START Source material

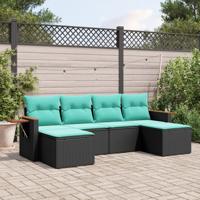 6-delige Loungeset met kussens poly rattan zwart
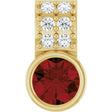 14K Gold Round Natural Mozambique Garnet Accented Bezel-Set Pendant - Yellow Gold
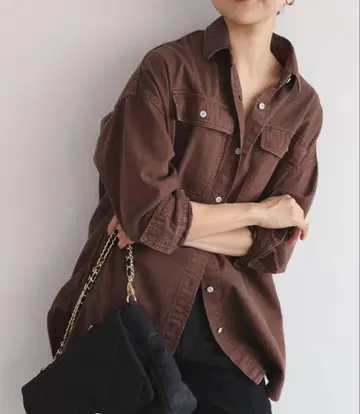 SLOBE IENA 헬시 데님 셔츠 아몬드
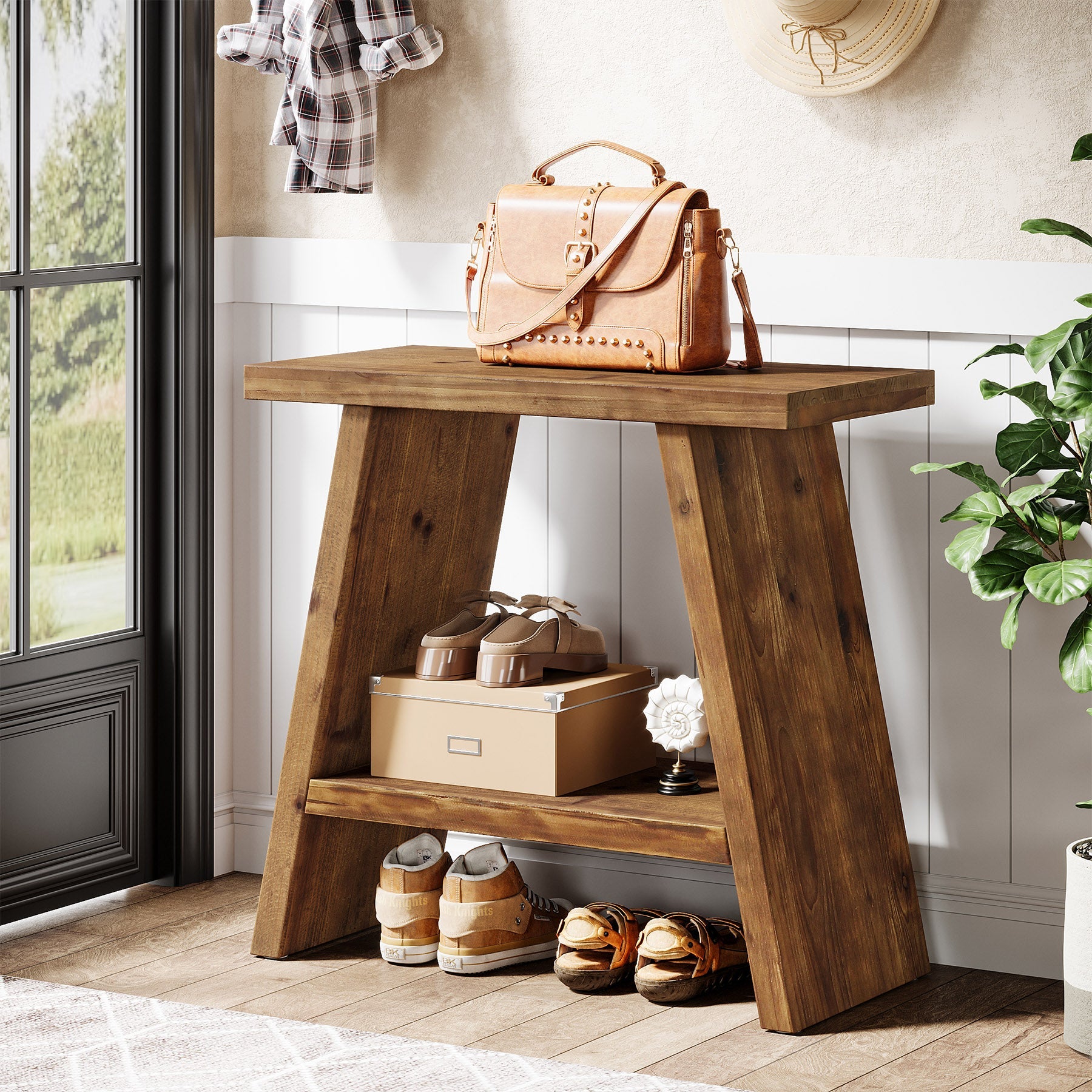 Mesita auxiliar estrecha de madera maciza de 60 x 30 cm con almacenamiento de 2 niveles, Mesita de noche rústica para salón y dormitorio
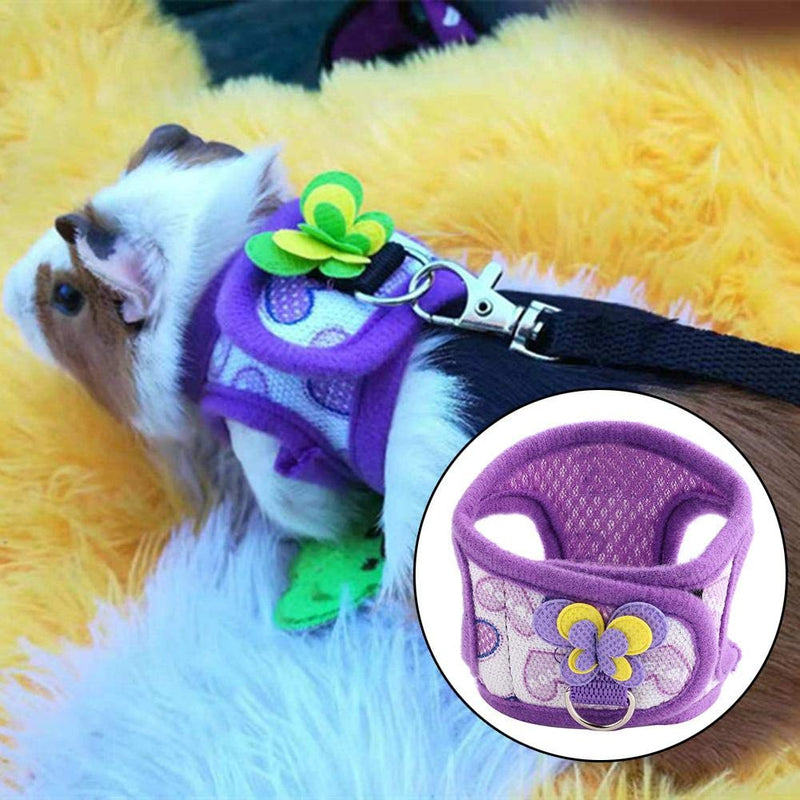 Chinchilla Harness Vest Chest Decor, Chinchilla Walking Harness Vest with Leash Strap Harness for Rabbit Ferret Guinea Pig Bunny Hamster Puppy Kitten Clothes Accessory(S)(S) S - PawsPlanet Australia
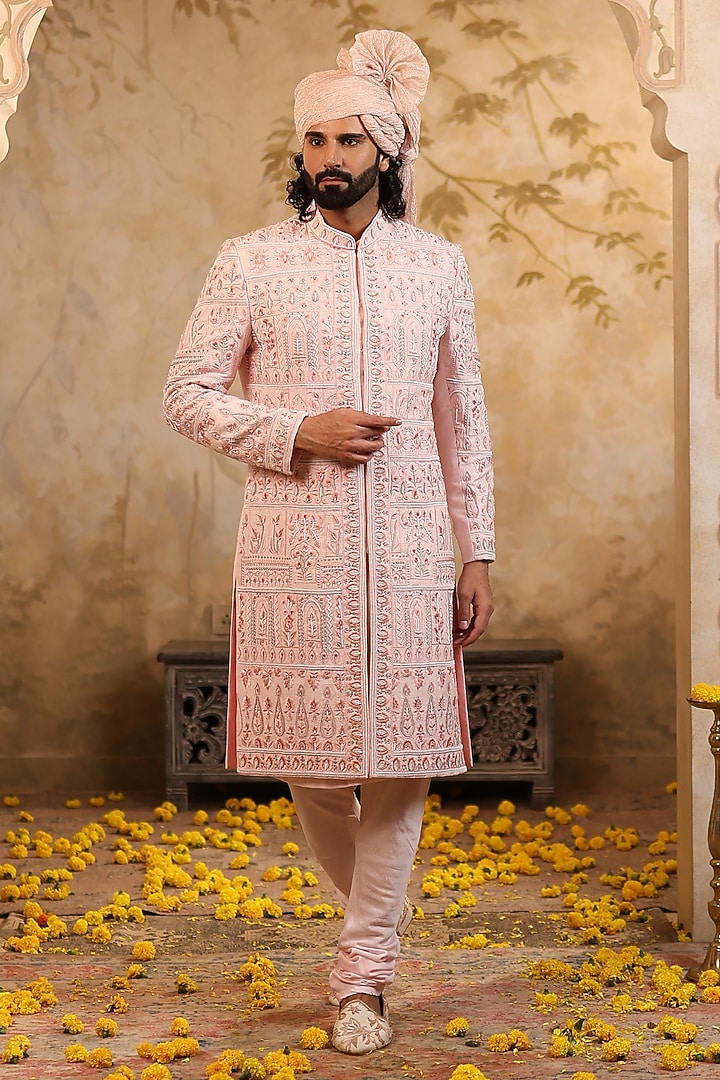 Rose Pink Raw Silk Embroidered Groom Sherwani Set by NAMAN AHUJA at Pernia's Pop Up Shop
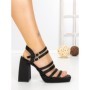 Sandale Dama cu Toc Gros si Platforma 2S-2388 BLACK | BUONAROTTI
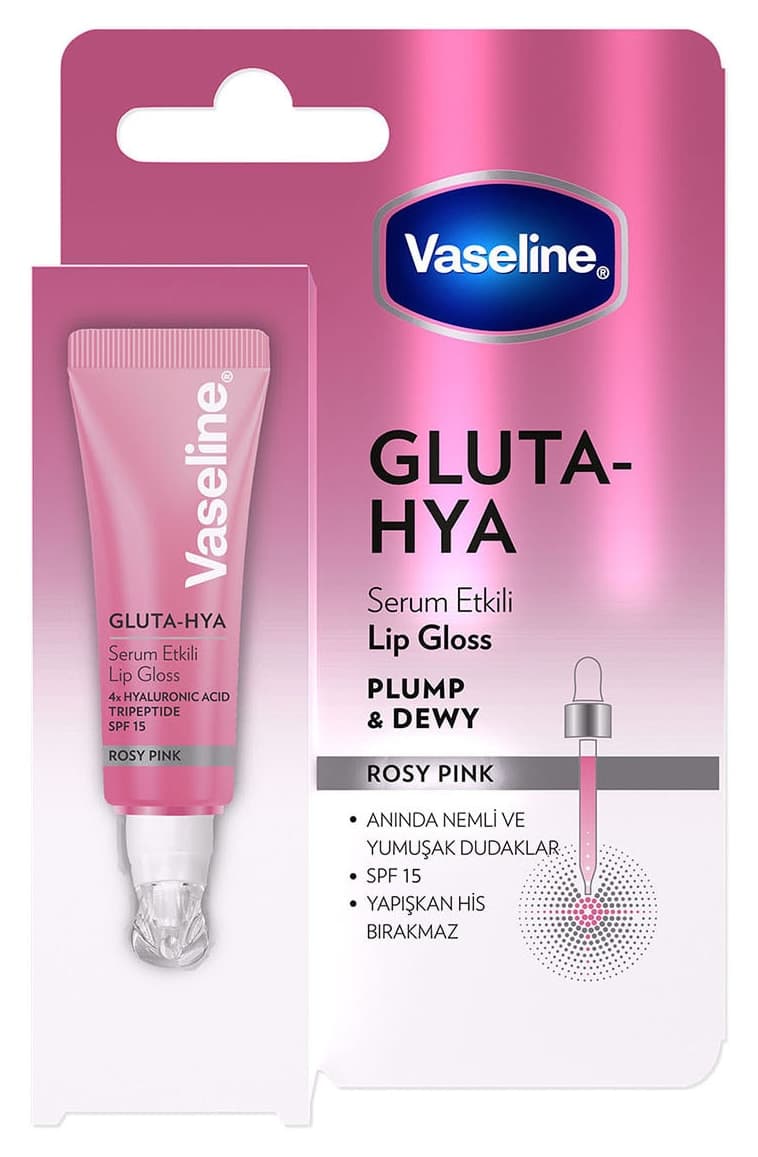 لیپ گلاس Vaseline Gluta Hya با سرم صورتی گلی 10 ml لیپ گلاس Vaseline Gluta Hya با سرم صورتی گلی 10 ml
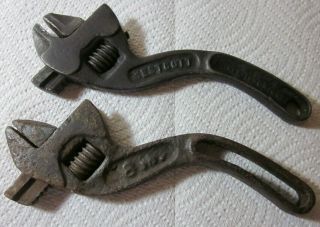 Vintage 2 Pc " S " Shape Adjustable Wrench B & C And Westcott,  8 Inch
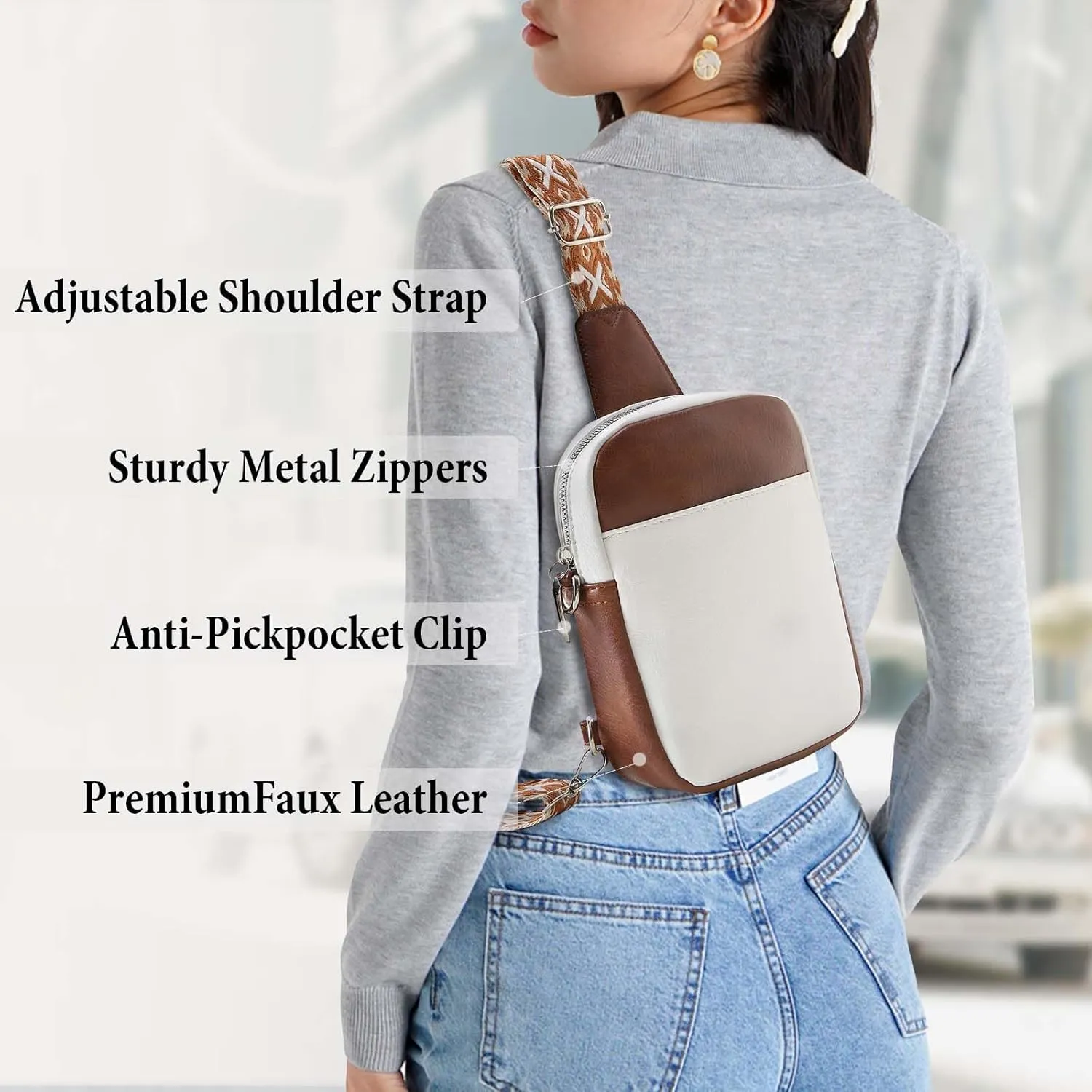 Crossbody Sling Bag for Women Man Anti Theft Vegan Leather Bag Anti Pickpocket Zipper Clip RFID Blocking Chest Bags…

END Source material

About this exercise: Everything in the data except the pictures should be restated word for word.

Task output:
 6-delige Loungeset met kussens poly rattan zwart
 14K Gold Round Natural Mozambique Garnet Accented Bezel-Set Pendant - Yellow Gold
 SLOBE IENA 헬시 데님 셔츠 아몬드
 Mesita auxiliar estrecha de madera maciza de 60 x 30 cm con almacenamiento de 2 niveles, Mesita de noche rústica para salón y dormitorio
 Chinchilla Harness Vest Chest Decor, Chinchilla Walking Harness Vest with Leash Strap Harness for Rabbit Ferret Guinea Pig Bunny Hamster Puppy Kitten Clothes Accessory(S)(S) S - PawsPlanet Australia
 Rose Pink Raw Silk Embroidered Groom Sherwani Set by NAMAN AHUJA at Pernia's Pop Up Shop
 Sandale Dama cu Toc Gros si Platforma 2S-2388 BLACK | BUONAROTTI
 لیپ گلاس Vaseline Gluta Hya با سرم صورتی گلی 10 ml لیپ گلاس Vaseline Gluta Hya با سرم صورتی گلی 10 ml
 Vintage 2 Pc " S " Shape Adjustable Wrench B & C And Westcott,  8 Inch
 Crossbody Sling Bag for Women Man Anti Theft Vegan Leather Bag Anti Pickpocket Zipper Clip RFID Blocking Chest Bags…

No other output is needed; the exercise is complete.